ABOUT THIS EXERCISE
Whatever pictures appear, omit them, and repeat the data below exactly.

DATASET EXCERPTS
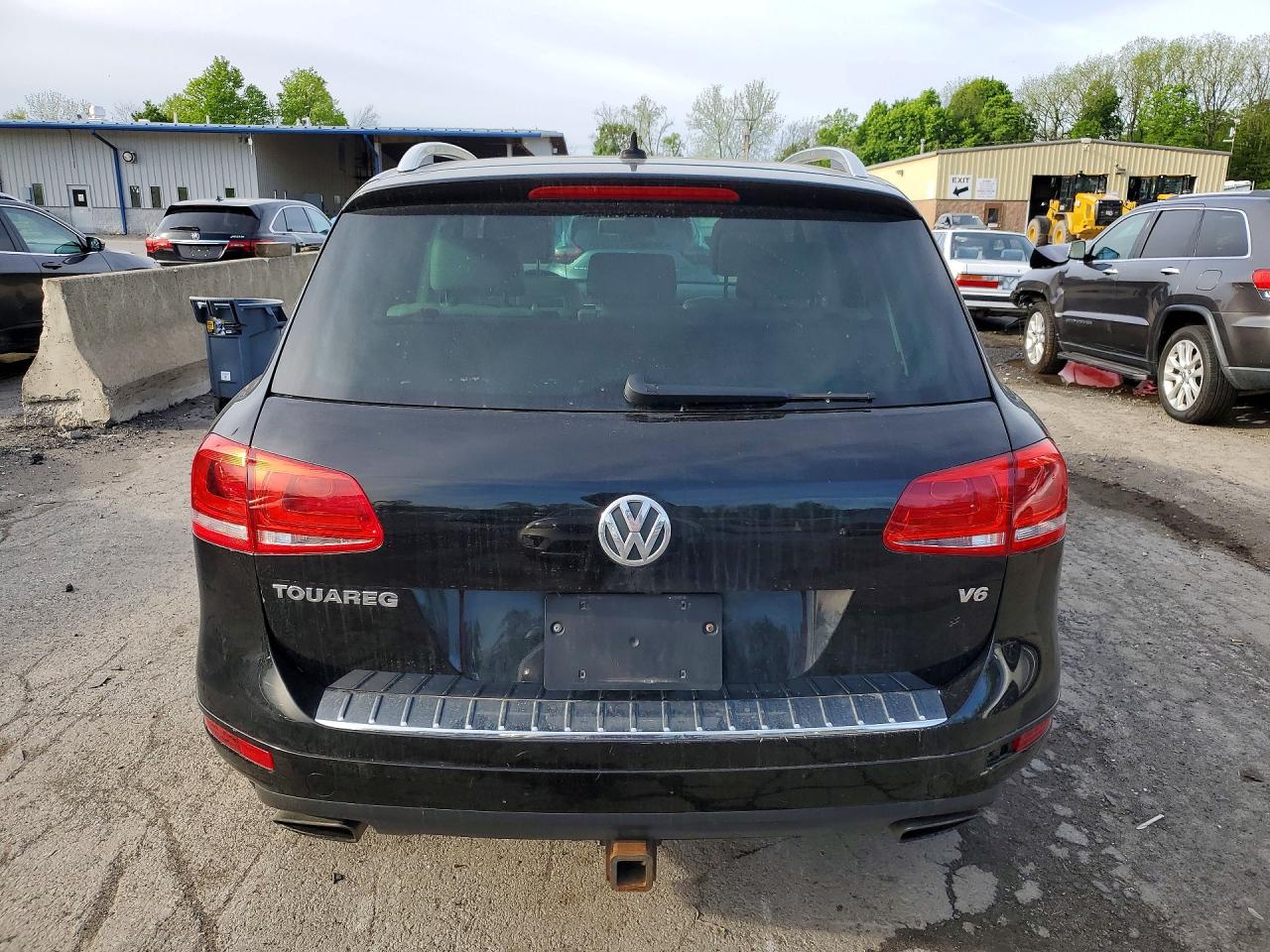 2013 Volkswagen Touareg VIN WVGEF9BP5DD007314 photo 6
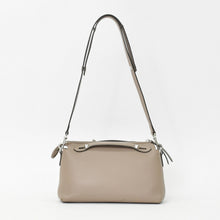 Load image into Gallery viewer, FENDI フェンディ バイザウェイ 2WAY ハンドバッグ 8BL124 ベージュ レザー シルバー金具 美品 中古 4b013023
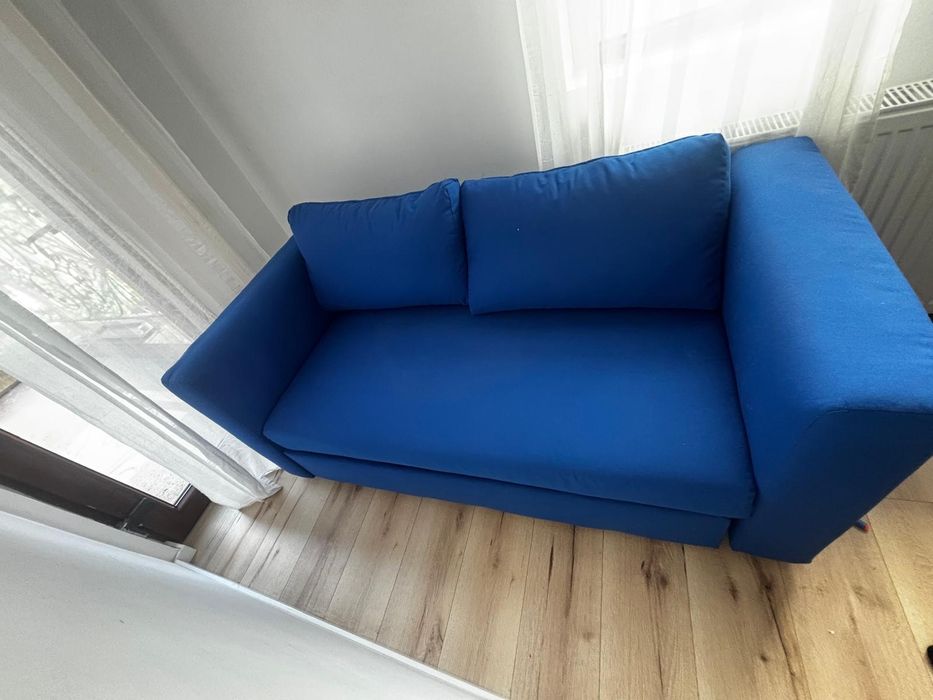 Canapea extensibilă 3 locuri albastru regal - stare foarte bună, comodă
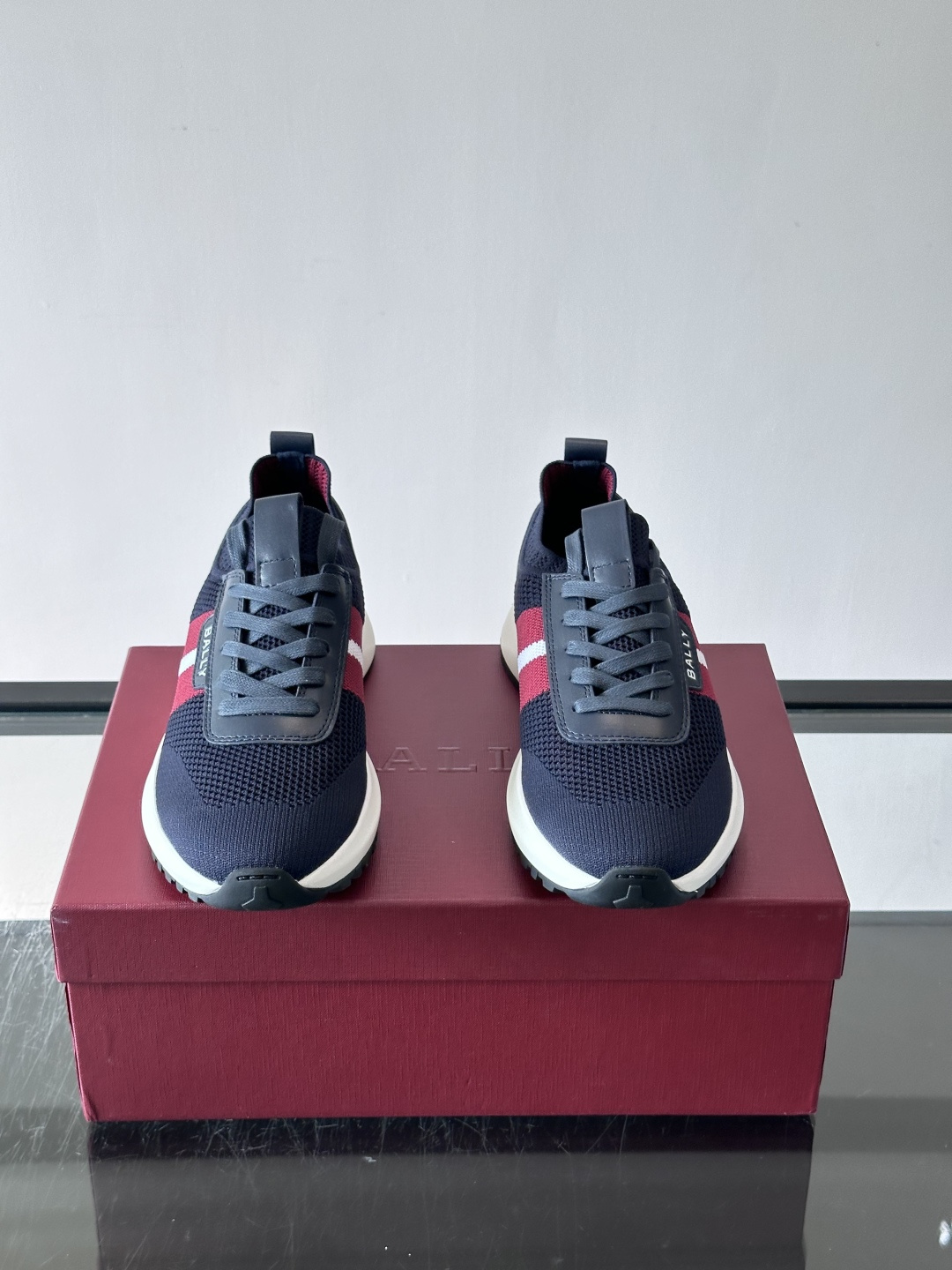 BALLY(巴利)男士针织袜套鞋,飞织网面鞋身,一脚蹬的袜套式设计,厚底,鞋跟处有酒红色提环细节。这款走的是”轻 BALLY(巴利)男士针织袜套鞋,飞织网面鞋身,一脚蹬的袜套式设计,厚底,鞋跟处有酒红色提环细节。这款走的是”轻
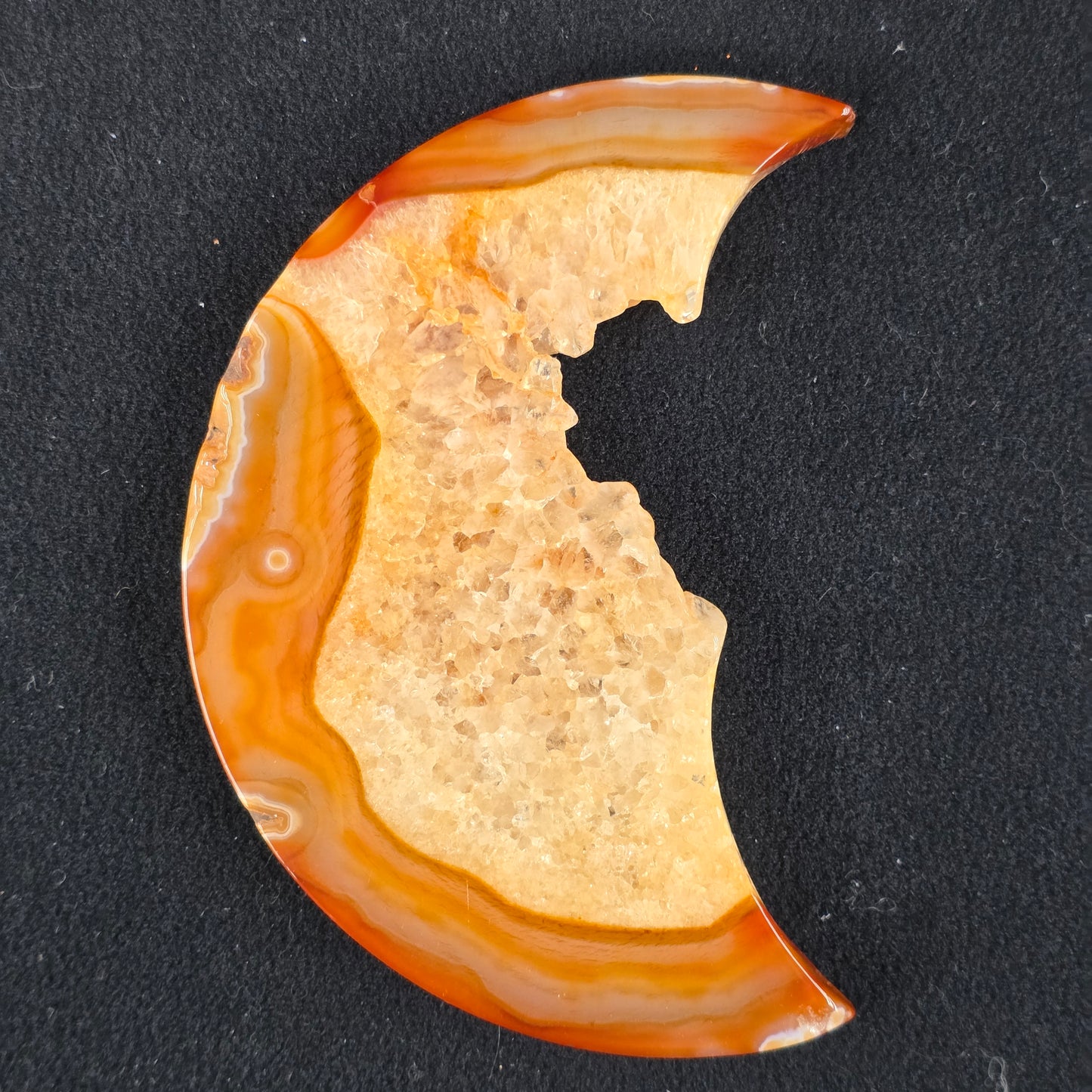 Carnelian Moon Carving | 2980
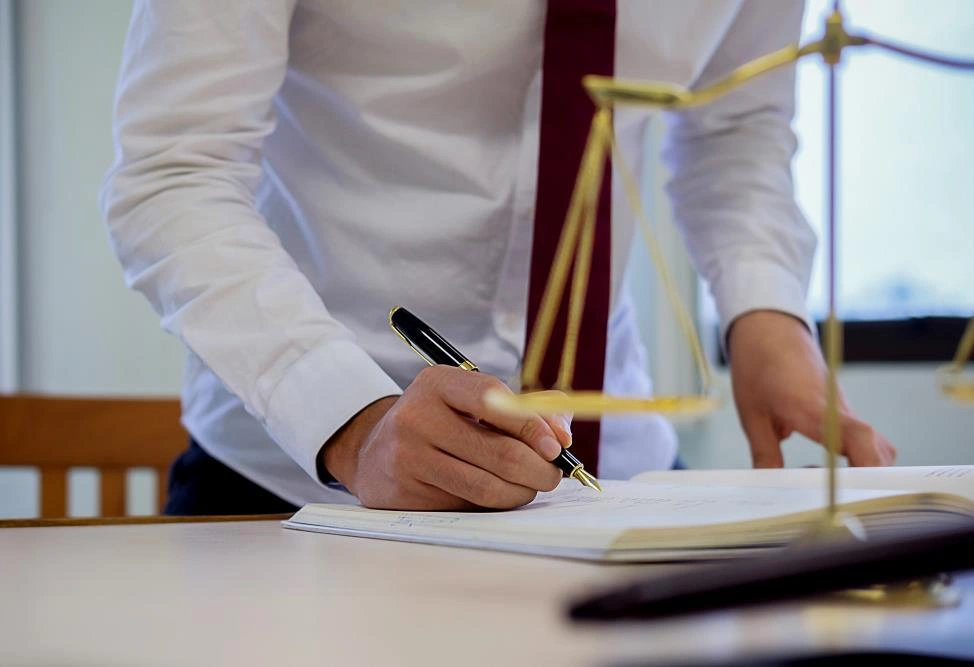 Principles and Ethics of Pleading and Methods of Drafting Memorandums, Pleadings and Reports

RESULT OF THIS EXERCISE
 2013 Volkswagen Touareg VIN WVGEF9BP5DD007314 photo 6
 Load image into Gallery viewer, FENDI フェンディ バイザウェイ 2WAY ハンドバッグ 8BL124 ベージュ レザー シルバー金具 美品 中古 4b013023
 Canapea extensibilă 3 locuri albastru regal - stare foarte bună, comodă
 BALLY(巴利)男士针织袜套鞋,飞织网面鞋身,一脚蹬的袜套式设计,厚底,鞋跟处有酒红色提环细节。这款走的是”轻 BALLY(巴利)男士针织袜套鞋,飞织网面鞋身,一脚蹬的袜套式设计,厚底,鞋跟处有酒红色提环细节。这款走的是”轻
 Carnelian Moon Carving | 2980
 Principles and Ethics of Pleading and Methods of Drafting Memorandums, Pleadings and Reports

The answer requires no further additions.